- **WORK INSTRUCTION**
Output the full listing exactly as written, with no pictures in it.

- **DATA BELOW**
━━━━━━
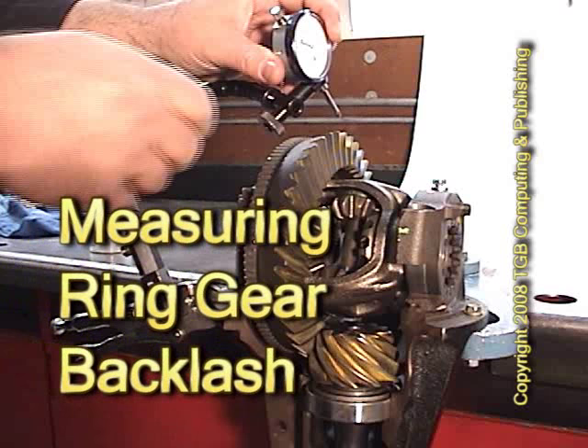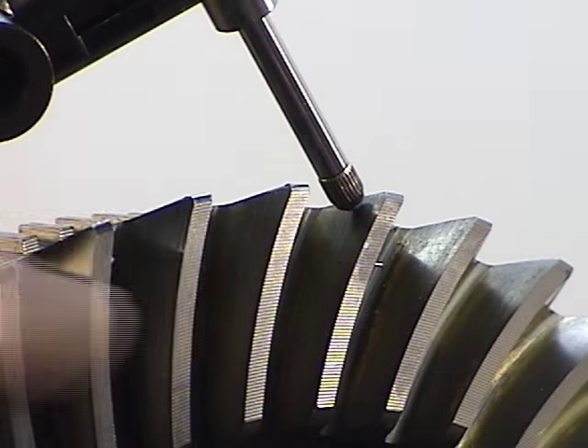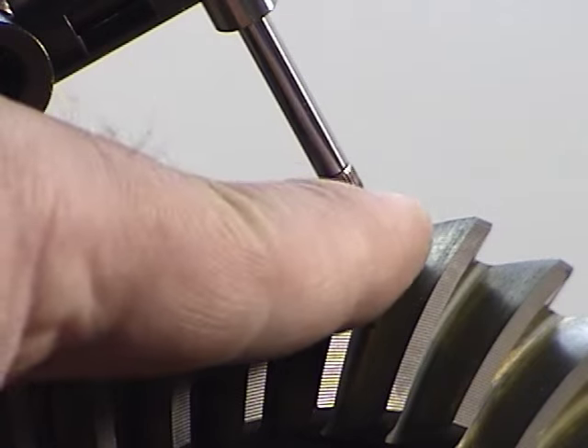When measuring ring gear backlash, a dial indicator setup is used. We make sure the dial indicator is set up at the tip of the tooth so it clears the previous tooth.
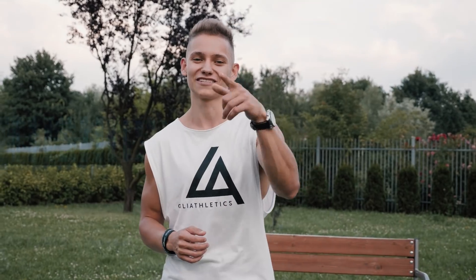Hello everyone, Darek Wojc from Kali Athletics here. Today I'll be showing you my top three exercises that will lead you to superhuman core strength. So let's get it started.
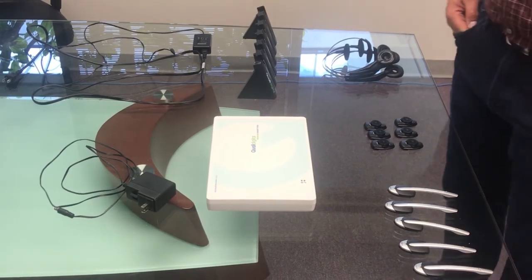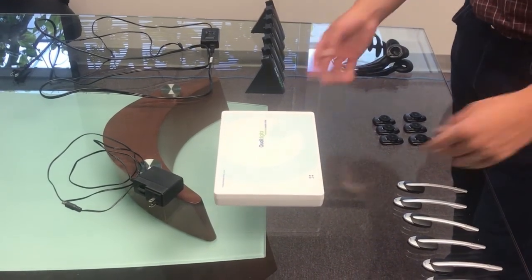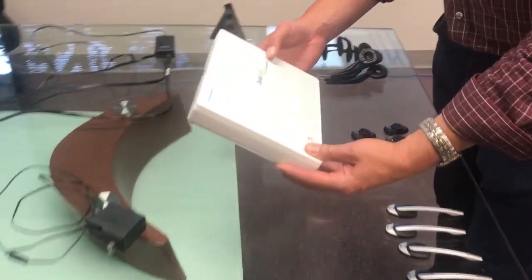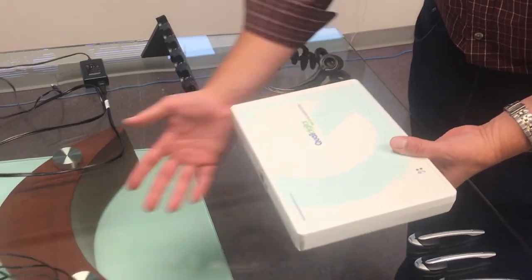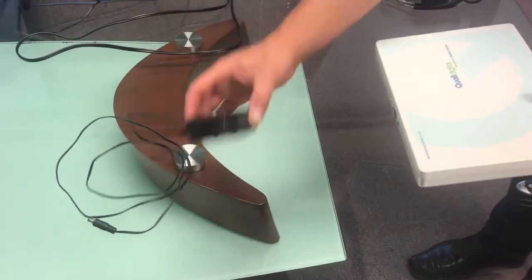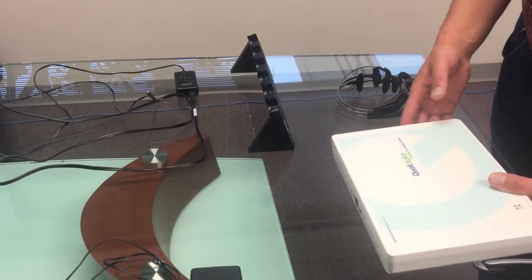We're going to go through the steps of setting up the Quail Digital System. The first step is to identify the base station — a lot of people call it just the white box, that's fine. You also want to make sure you have the right power cord. This is actually going to be shorter than the charger itself, and we'll go over that in a second.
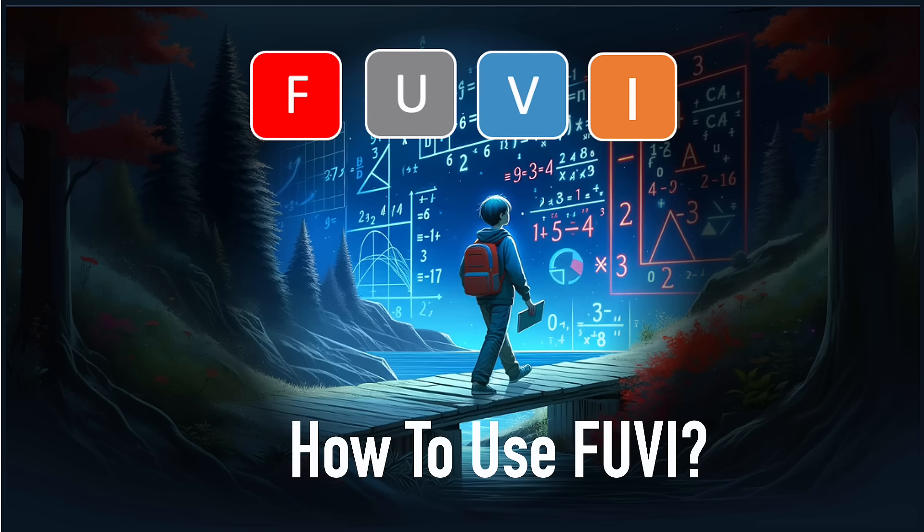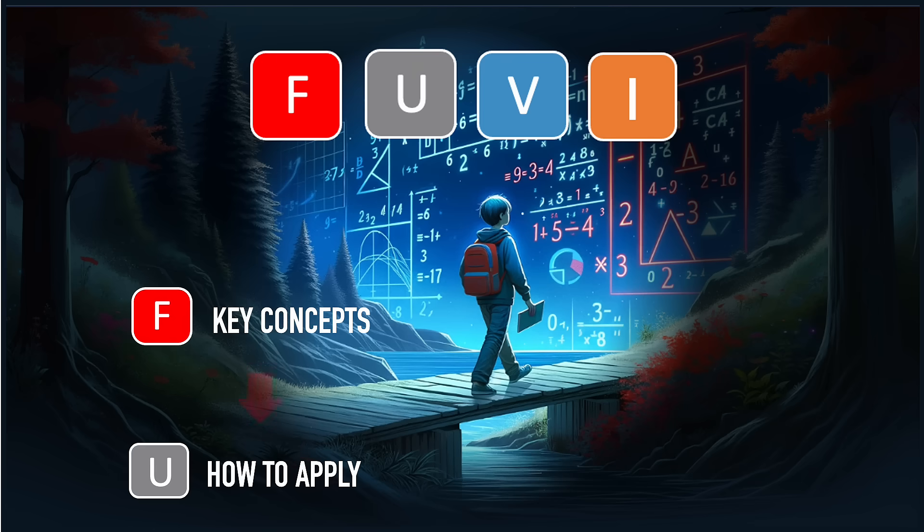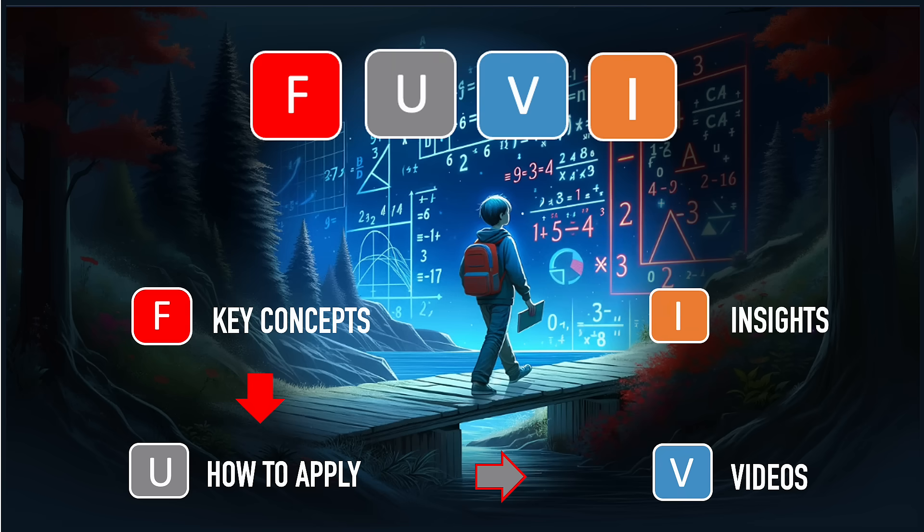How to use FUVI. First, use the F and U buttons to quickly review the key concepts and how to apply them. Then, use the V and I buttons to experience easy problem-solving, toggling between V and I to enhance understanding and problem-solving simultaneously.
━━━━━━
- **ANSWER SPACE**
When measuring ring gear backlash, a dial indicator setup is used. We make sure the dial indicator is set up at the tip of the tooth so it clears the previous tooth.
Hello everyone, Darek Wojc from Kali Athletics here. Today I'll be showing you my top three exercises that will lead you to superhuman core strength. So let's get it started.
We're going to go through the steps of setting up the Quail Digital System. The first step is to identify the base station — a lot of people call it just the white box, that's fine. You also want to make sure you have the right power cord. This is actually going to be shorter than the charger itself, and we'll go over that in a second.
How to use FUVI. First, use the F and U buttons to quickly review the key concepts and how to apply them. Then, use the V and I buttons to experience easy problem-solving, toggling between V and I to enhance understanding and problem-solving simultaneously.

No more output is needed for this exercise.